Tuesday, June 30, 2009
Of all the media portrayals of Michael Jackson during the past few days, the one that captured his essence most for me was done by NBC News' Rehema Ellis. Ellis unabashedly addressed the rift between Michael Jackson and the American African community since his magnum opus Thriller --- something that has been widely discussed for 25 years in barber and beauty shops, pool halls, churches and around dinner tables in American African households. The clip was the most honest assessment of Jackson's roots in American African community and how he "left" the community after Thriller.

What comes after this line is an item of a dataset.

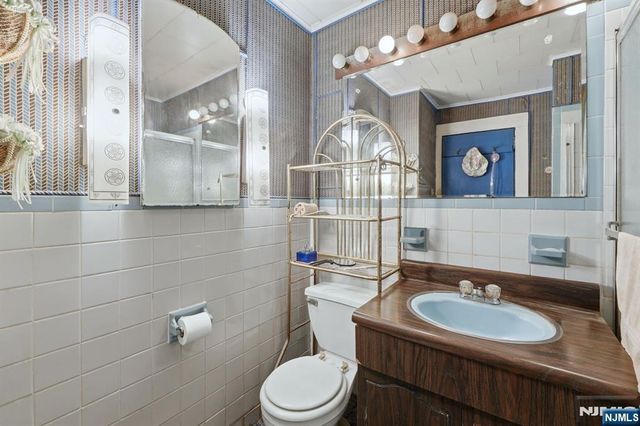 85 Elizabeth Avenue, Elmwood Park, NJ 07407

The white media orgy over Jackson's death replays Black or White and emphasizes how he drew all people together "regardless of color", as if his music, like him, had become deracinated and homogenized into an amorphous lump of rock/pop/blues/jazz/gospel that was completely disconnected from his roots as an American African. The opposite is true of course; Jackson's music is deeply embedded in the blues idiom that informs all American African music. The blues is most evident in my two favorite Jackson songs, Human Nature and Man in the Mirror where Jackson does a powerful self-reflection on how it feels to be an African man embedded in a white supremacist world.
I love Michael Jackson, always have and always will even during his obsession with plastic surgery, marrying Lisa Presley, choosing a white woman as a surrogate for his children and the silly Black and White, because I, like many other Africans knew that he was one of Ours but had drunk the kool-aid of white supremacy that ultimately took his life.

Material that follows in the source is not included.